What this task involves ::
Keep the wording of every entry intact in your copy, and omit the pictures.

-*-

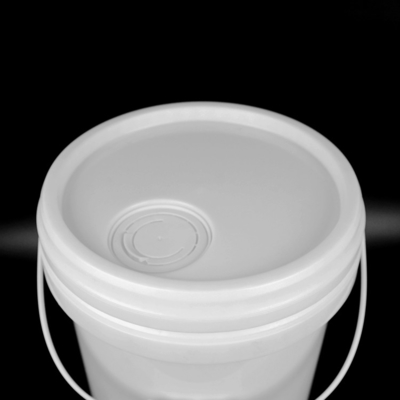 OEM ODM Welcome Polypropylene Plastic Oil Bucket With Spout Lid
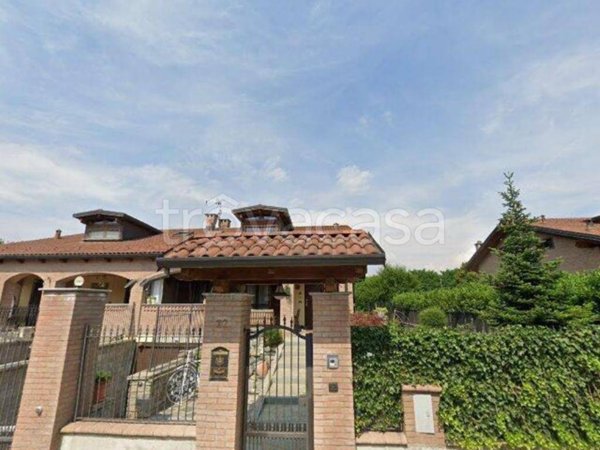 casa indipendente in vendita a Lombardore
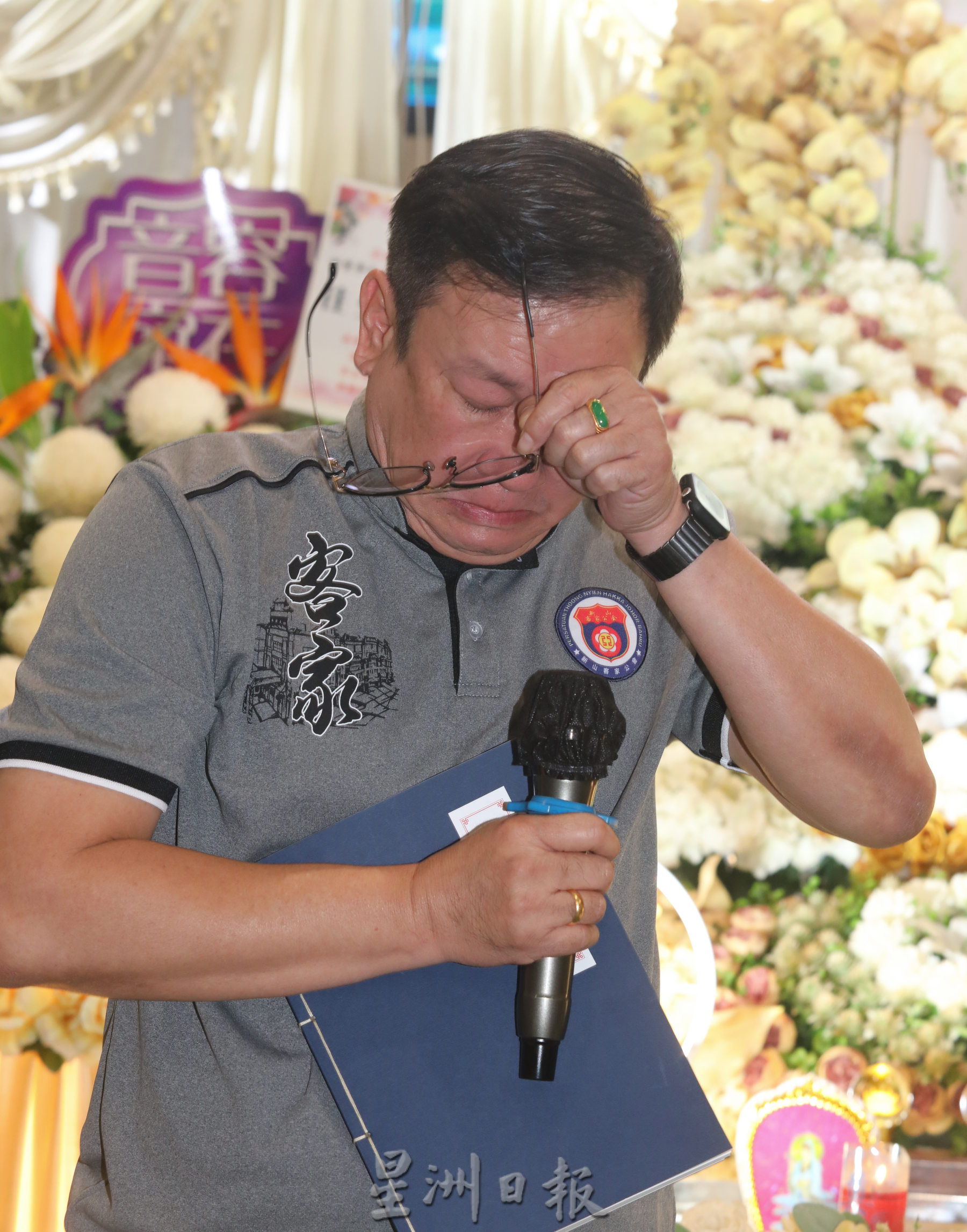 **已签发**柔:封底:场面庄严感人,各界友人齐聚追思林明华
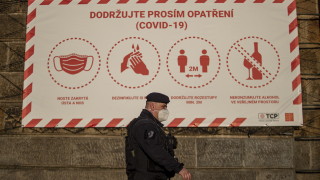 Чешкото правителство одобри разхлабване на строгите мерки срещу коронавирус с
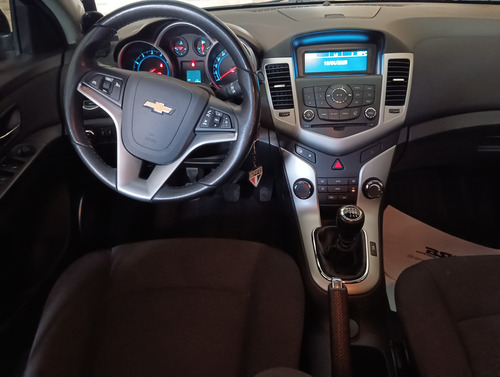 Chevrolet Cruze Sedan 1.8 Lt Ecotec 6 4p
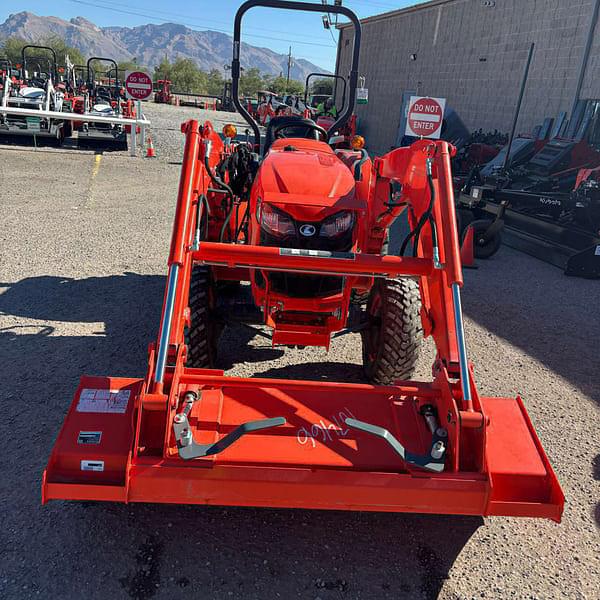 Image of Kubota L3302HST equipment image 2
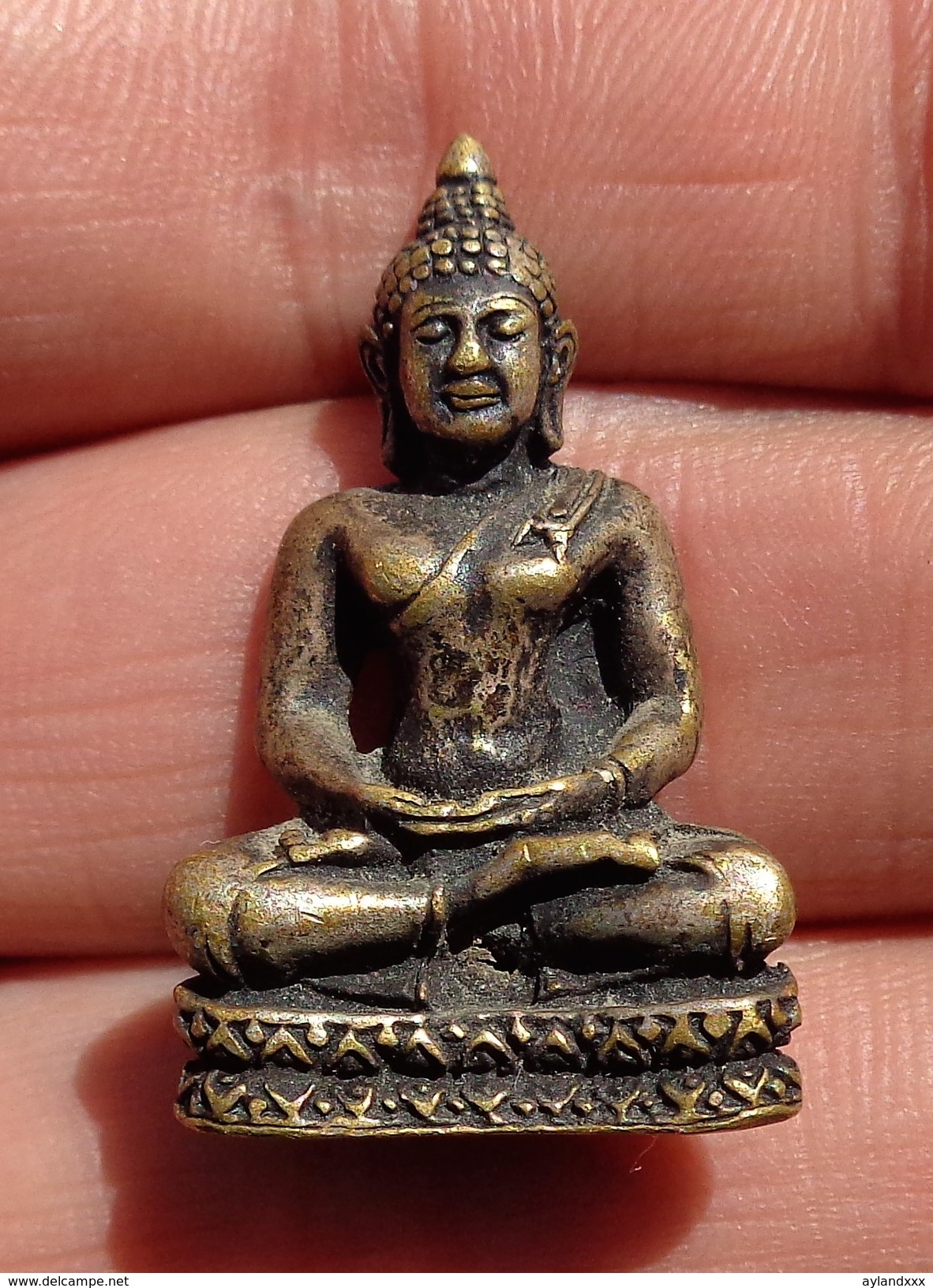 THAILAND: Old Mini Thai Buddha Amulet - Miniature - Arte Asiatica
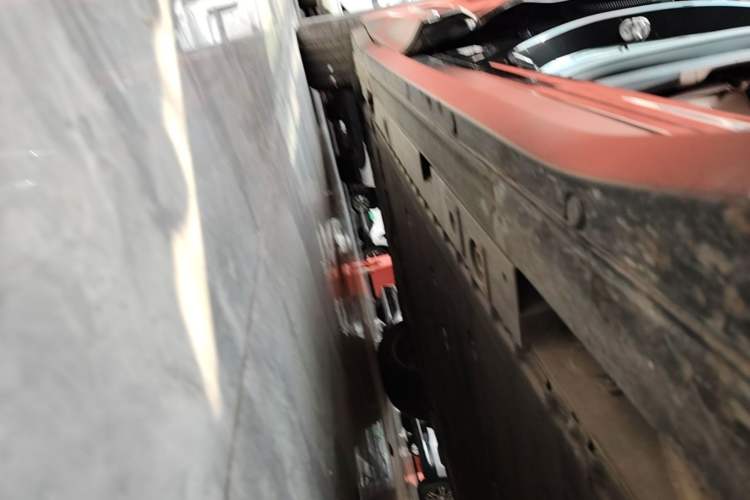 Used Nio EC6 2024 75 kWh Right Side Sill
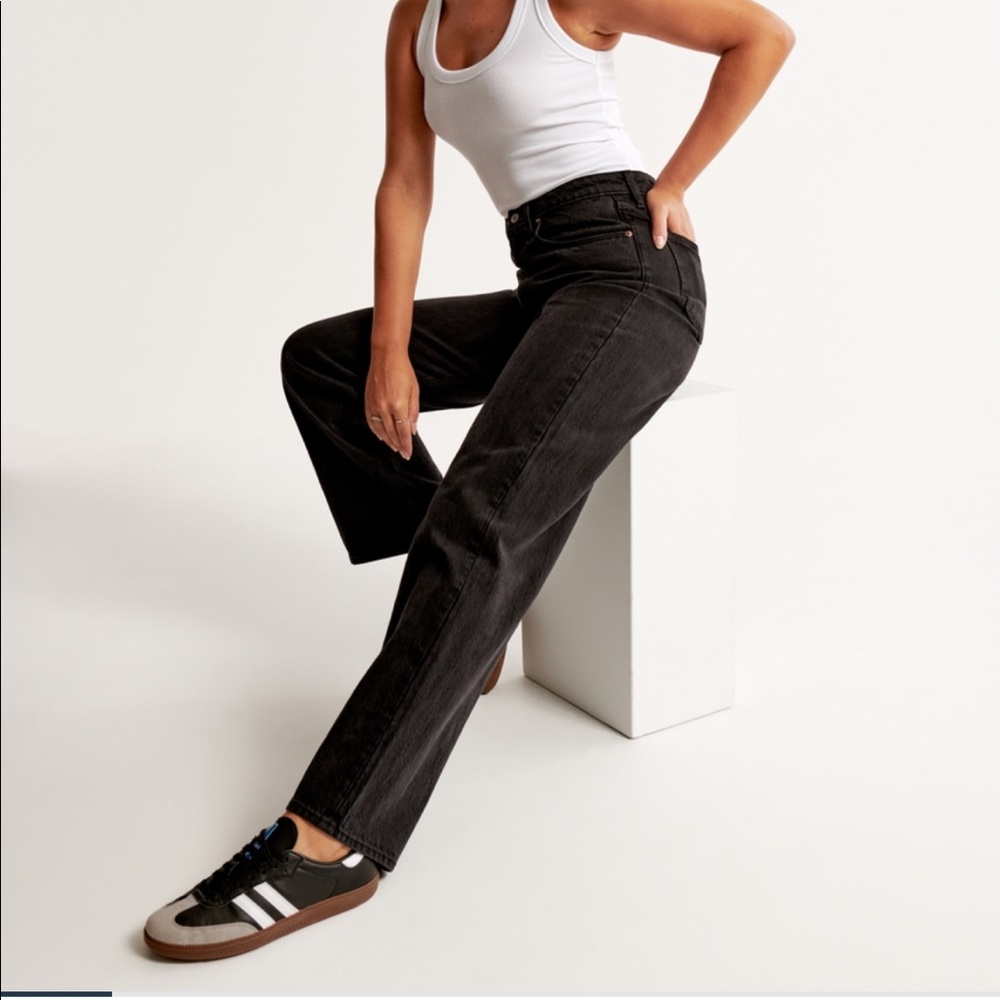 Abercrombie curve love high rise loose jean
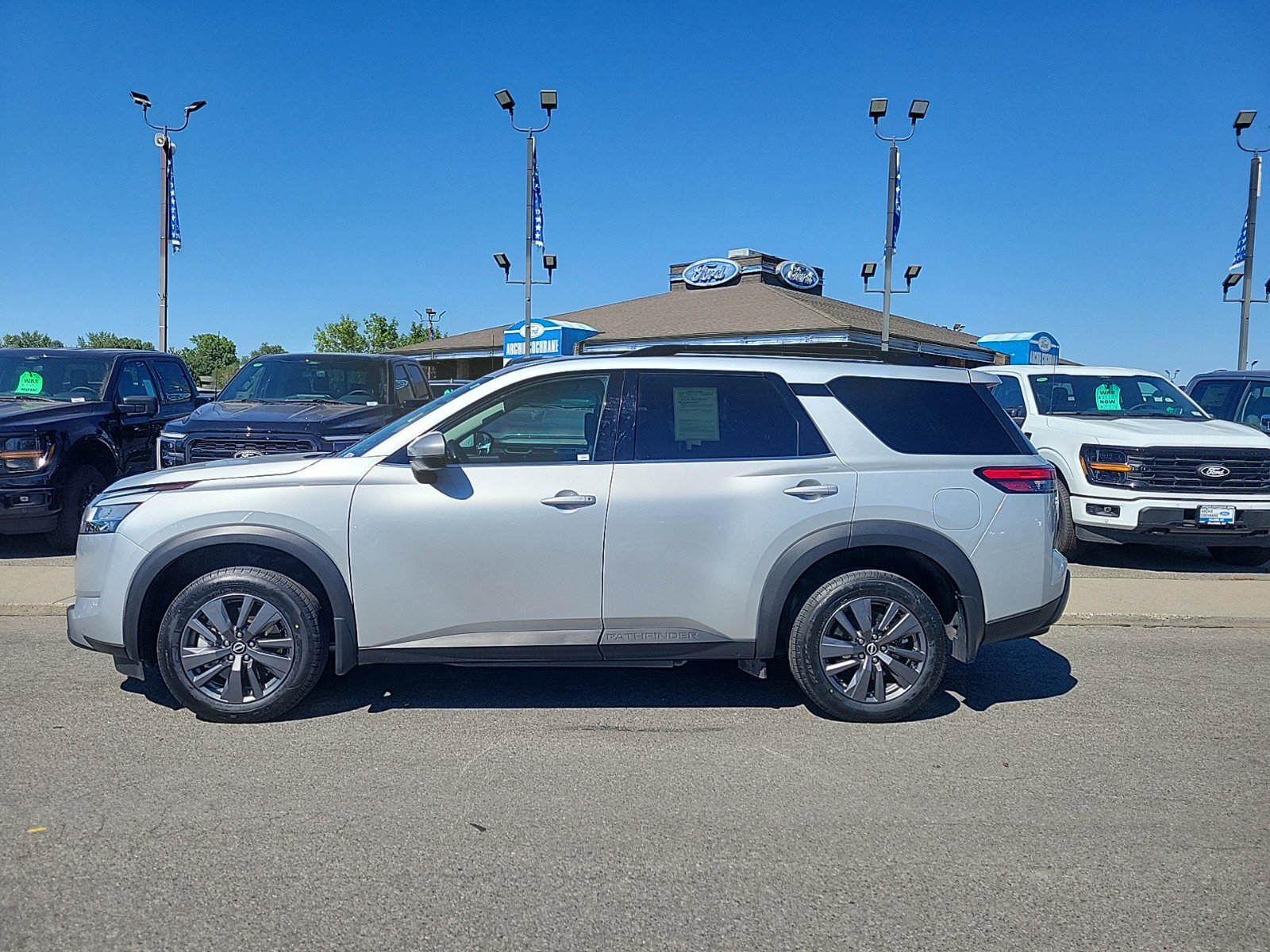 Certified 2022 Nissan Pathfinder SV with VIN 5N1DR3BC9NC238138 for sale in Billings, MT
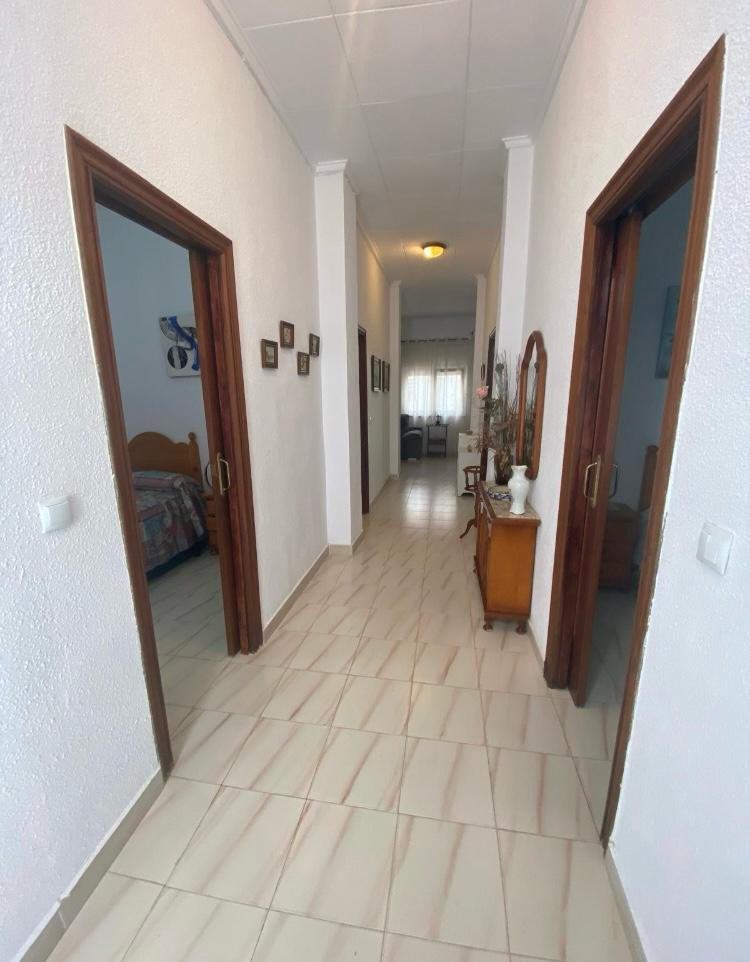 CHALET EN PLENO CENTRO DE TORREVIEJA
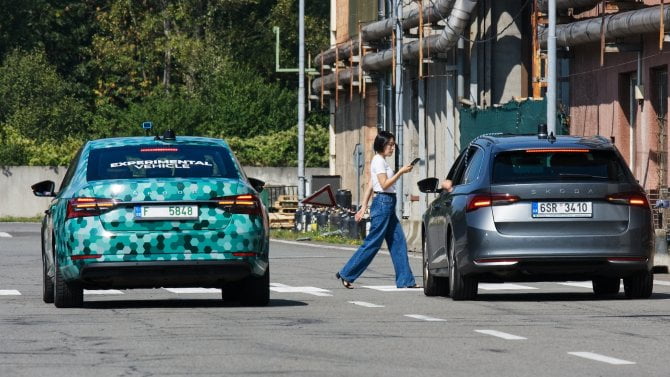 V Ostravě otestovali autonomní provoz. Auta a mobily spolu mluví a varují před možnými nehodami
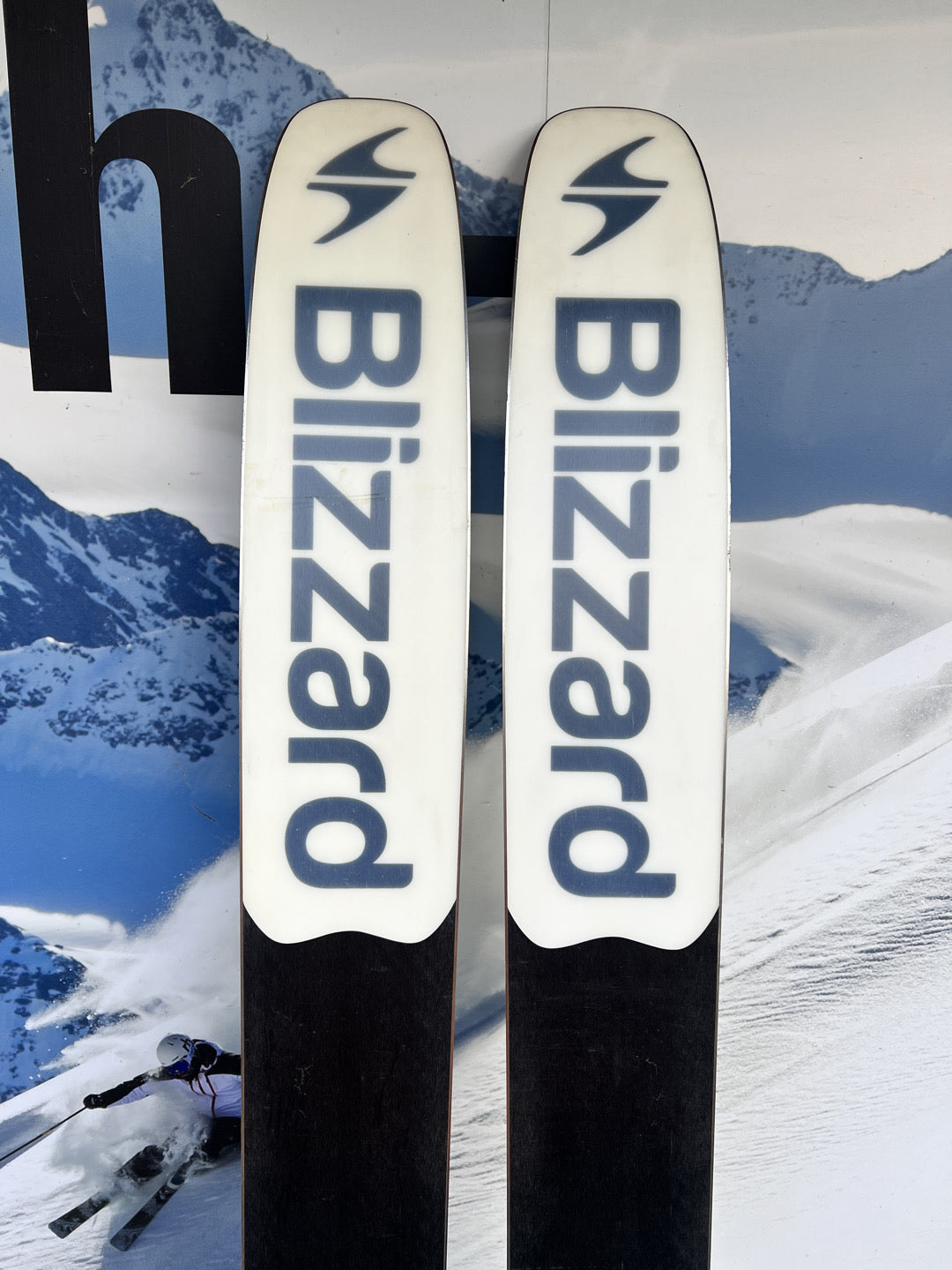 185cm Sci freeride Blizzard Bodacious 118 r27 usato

-*-

Expected answer ::
 OEM ODM Welcome Polypropylene Plastic Oil Bucket With Spout Lid
 casa indipendente in vendita a Lombardore
 **已签发**柔:封底:场面庄严感人,各界友人齐聚追思林明华
 Чешкото правителство одобри разхлабване на строгите мерки срещу коронавирус с
 Chevrolet Cruze Sedan 1.8 Lt Ecotec 6 4p
 Image of Kubota L3302HST equipment image 2
 THAILAND: Old Mini Thai Buddha Amulet - Miniature - Arte Asiatica
 Used Nio EC6 2024 75 kWh Right Side Sill
 Abercrombie curve love high rise loose jean
 Certified 2022 Nissan Pathfinder SV with VIN 5N1DR3BC9NC238138 for sale in Billings, MT
 CHALET EN PLENO CENTRO DE TORREVIEJA
 V Ostravě otestovali autonomní provoz. Auta a mobily spolu mluví a varují před možnými nehodami
 185cm Sci freeride Blizzard Bodacious 118 r27 usato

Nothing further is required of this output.